Confira os números do jogo



    Os erros da equipe também foram capitais para a impressionante reviravolta. Os primeiros dois gols do Barcelona têm os méritos do time espanhol, é claro, principalmente de Suárez e Iniesta, que não desistiram nas duas jogadas, mas também possuem as falhas bizarras da defesa francesa. Thiago Silva e companhia vacilaram demais no primeiro tento, enquanto Marquinhos dormiu e Kurzawa se desesperou no segundo. Vale destacar também a marca incrível do atacante uruguaio azul-grená: 65 gols em 64 jogos pelo Barcelona no Camp Nou.
Depois, no fim da partida, nos sete minutos impressionantes e mágicos, a diferença de um time gigante para um que não é e jogou com medo foi vista novamente. O gol de Neymar, o quarto do Barcelona, foi marcado aos 43 minutos do segundo tempo. Naquela altura, os Blaugranas ainda precisavam de mais dois tentos.
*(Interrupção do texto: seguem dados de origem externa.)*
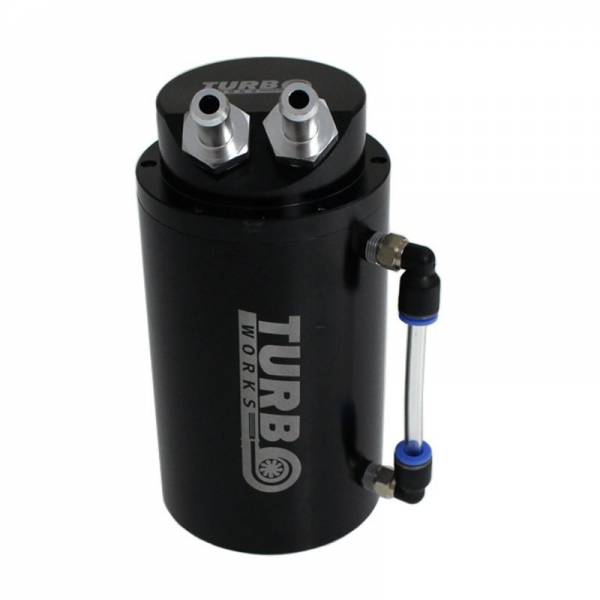 Oil catch tank TurboWorks 10mm - MG-OT-034
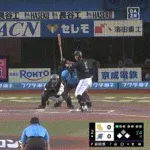 【ロッテ対ソフトバンク15回戦】ロッテ・山口航輝、一軍復帰第一打席で今季第１号先制３ランホームラン！！！！！！！！！！！！！！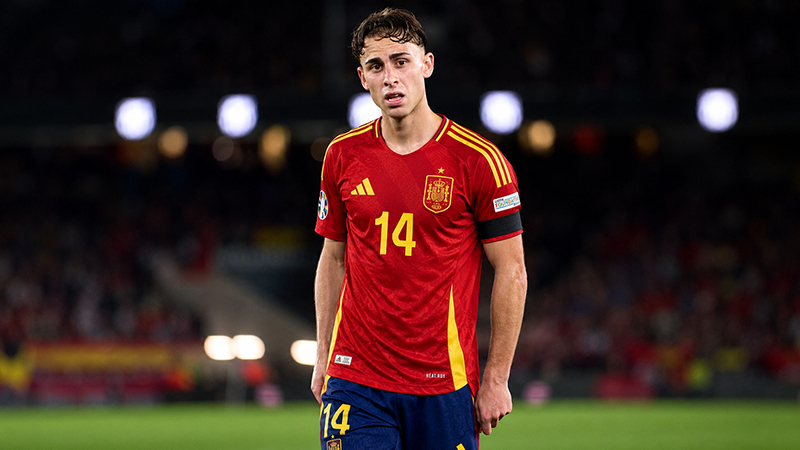 Fermín López Net Worth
A tarefa era mais improvável do que no início da partida. Faltou tranquilidade ao PSG para se controlar, esfriar o jogo e brecar a pressão que o Barça faria. Ao invés de usar o desespero catalão ao seu favor, o time francês entrou na pilha do rival, sentiu a atmosfera, falhou mais duas vezes e viu o impossível ser escrito.
Neymar Thiago Silva Barcelona PSG 08032017
O pênalti em Suárez não existiu, mas Marquinhos foi imprudente e infantil ao entrar em contato desnecessário com o uruguaio, que não conseguiria chegar na bola. Sem isentar o árbitro, que errou no lance, mas sem replay, dentro de campo, na posição em que ele estava, com o zagueiro brasileiro tocando o uruguaio e fazendo o movimento de puxão com o braço, a impressão é de pênalti claro. Não vi pênalti no lance e a marcação foi equivocada, mas Marquinhos também vacilou sem necessidade. Depois, no gol da classificação, Sergi Roberto estar completamente livre dentro da área no último minuto é um erro geral e lamentável.
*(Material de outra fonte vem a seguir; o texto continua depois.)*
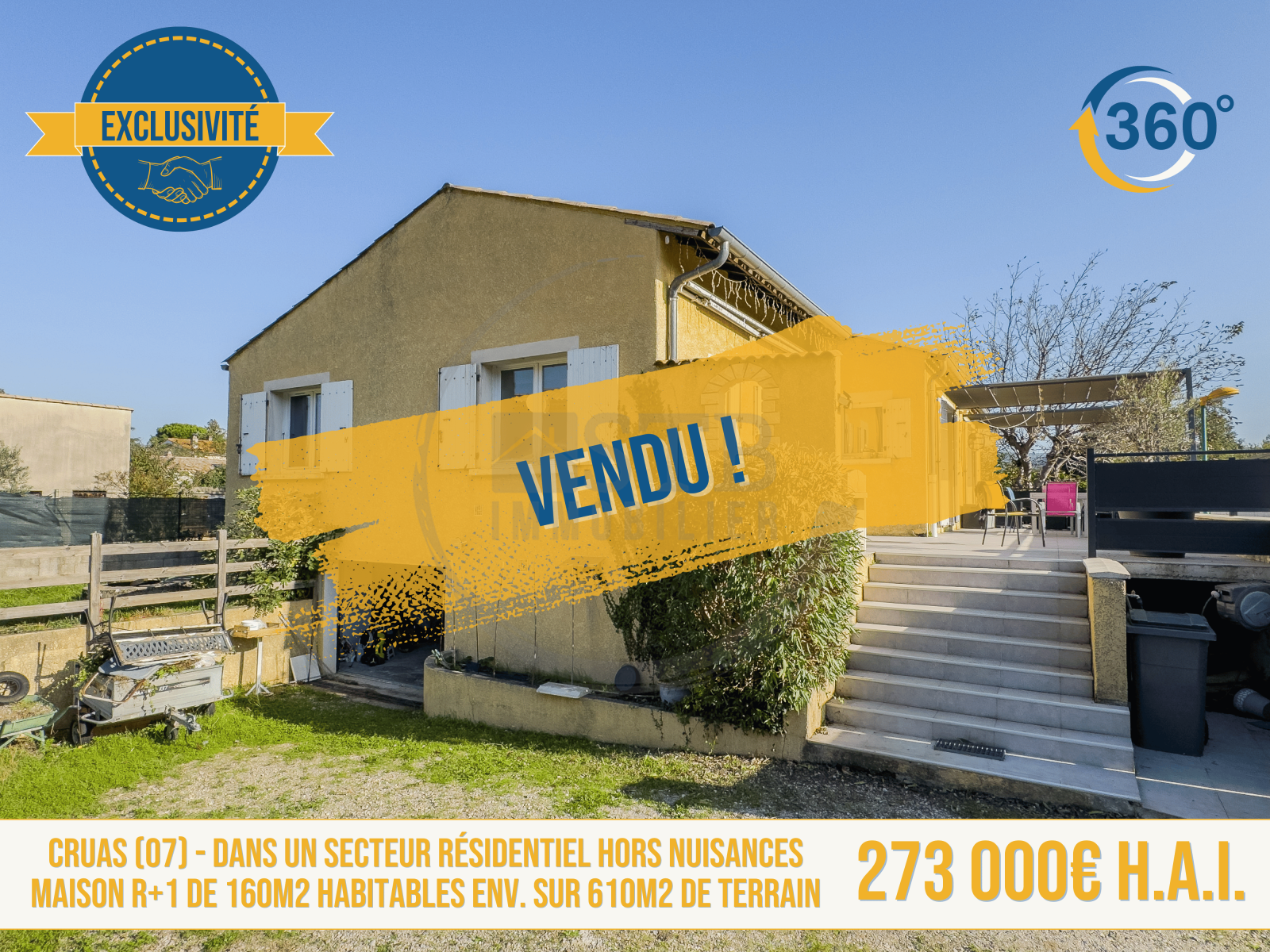 Image_, Villa, Cruas, ref :VVI10002088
Além das falhas defensivas, o PSG também falhou no ataque, desperdiçando chances claras que fizeram falta. Depois de não jogar no primeiro tempo e ver Messi colocar 3 a 0 no placar com cinco minutos da etapa final, Unai Emery sacou Lucas e colocou Ángel di María em campo.
Barcelona PSG
O PSG melhorou com o argentino, que fez o time colocar a bola no chão e, com a ajuda de Draxler, armou bons contra-ataques. O crescimento e um time menos medroso deram resultado aos 17', quando Cavani, em um belo chute, diminuiu para o Paris Saint-Germain. Quando o Barcelona parecia estar próximo da classificação, a equipe francesa esfriou o Camp Nou em chamas.
Antes do pontapé inicial, a missão catalã era quase impossível. Depois do gol do PSG, parecia ainda mais improvável marcar três gols em menos de 30 minutos. O Barça caiu de rendimento e os visitantes tiveram chances de matar o jogo, mas Di María e Cavani perderam duas chances claríssimas. As oportunidades desperdiçadas fizeram falta depois, com o milagre nos sete minutos finais.
Faltou coragem, tranquilidade, concentração e jogar futebol. Faltou grandeza ao PSG.
Neymar absurdo
Outro ponto da classificação histórica do Barcelona é o show de Neymar. O brasileiro já tinha tido boa atuação no primeiro tempo, criando boas oportunidades e abrindo espaços pelo lado esquerdo, além de boas combinações com Iniesta e Messi e ajudar muito na marcação, principalmente no campo ofensivo. Na etapa final, porém, o craque foi absurdo.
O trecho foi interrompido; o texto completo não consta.